New York is fun again.
For a moment after things began reopening post covid and for several moments before the pandemic, New York was full and dull and lifeless. It felt like everyone was new in town and no one had a point of view or a sense of style. (While I think to be a Real New Yorker you have to have been born in New York, you become a New Yorker when you have style; which is (of course) different from being fashionable.)
It is possible that New York is the same and I am fun again but I do not think so. I think the city, once again, grew up. I have a theory! TikTok and other social media has made trend cycles so quick and so monotonous that everybody finally got fatigued of trying to do the cool thing and had to start acting like themselves. And when anyone is wholly and unapologetically themselves, they’re likable. Authenticity is, perhaps, the only universally positive quality.
But now, right at this moment at least, New York is all heat and scene-y restaurants and nightclubs where people drink martinis and champagne rather than vodka sodas. Everyone getting dressed and staying out past might night on weeknights and having fun with their clothing and with their friends. Everybody is single and no one is in a rush to settle down and all of the settled down people are out anyway because someone to go out with is as good of a partner as someone to stay in with. Everyone goes out in Brooklyn, too. And people kiss in public and actually talk to each other and dance and there are adults out again. Four years ago, everyone was twenty-five.
People are very on the nose. But on the nose is comforting, I like what’s expected.
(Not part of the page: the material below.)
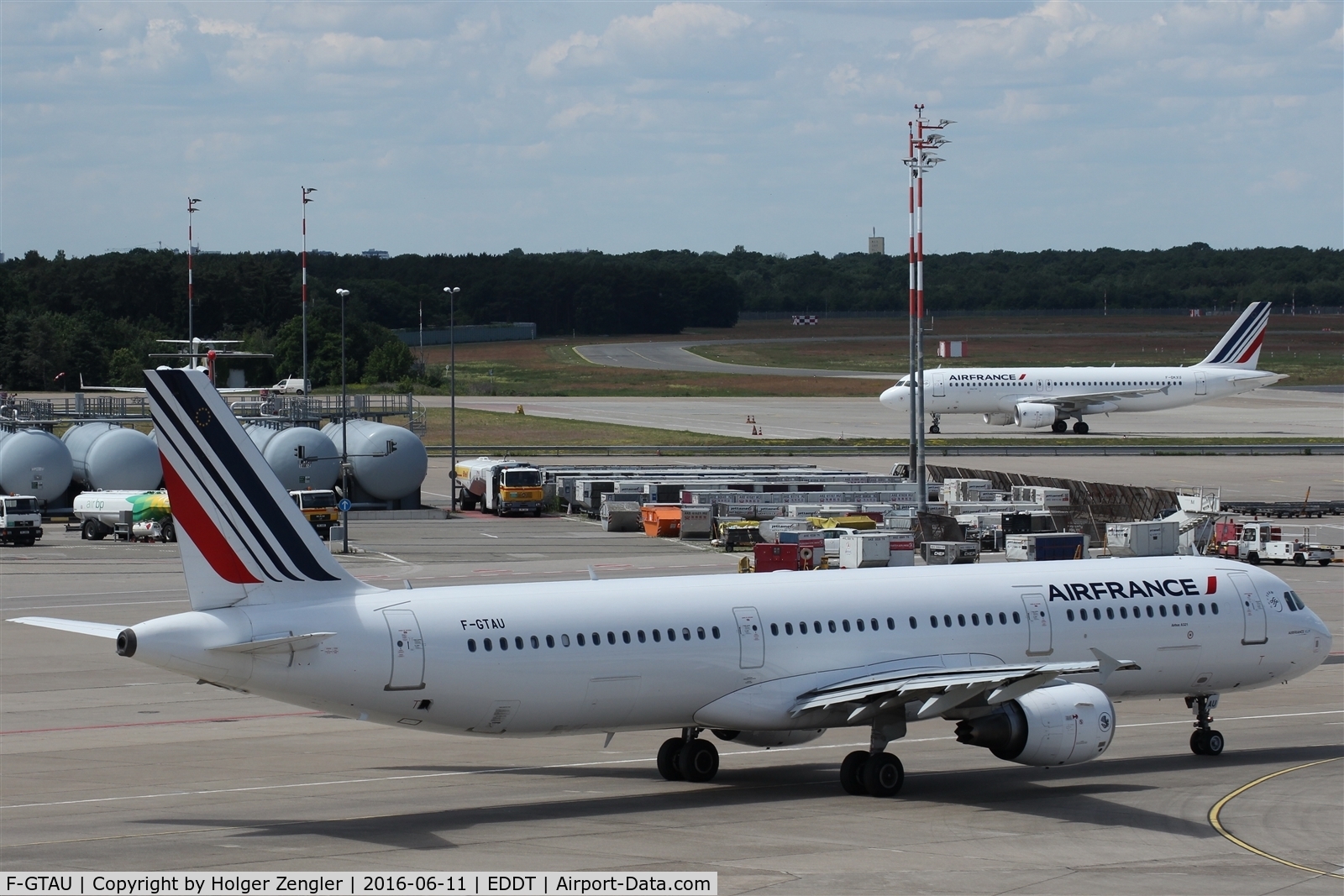 F-GTAU, 2009 Airbus A321-212 C/N 3814, TXL waving good bye tour no.4 since 2011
The man in Loro Piana bucks (we can all agree those shoes are essentially laceless bucks, no?) and a dark tee shirt works in finance and the one still wearing flannel is a photographer and his friend in a sheer tee used to work for Virgil, RIP. The thin woman in a black corset top is a model but not the kind people photograph and the one in the sheer blouse is the only cool venture capitalist and the girl in a linen shift dress is from Greenwich and the bathroom line is very long. Did I used to see you at Le Bain a million years ago or do we both just look like people who went to Le Bain a million years ago?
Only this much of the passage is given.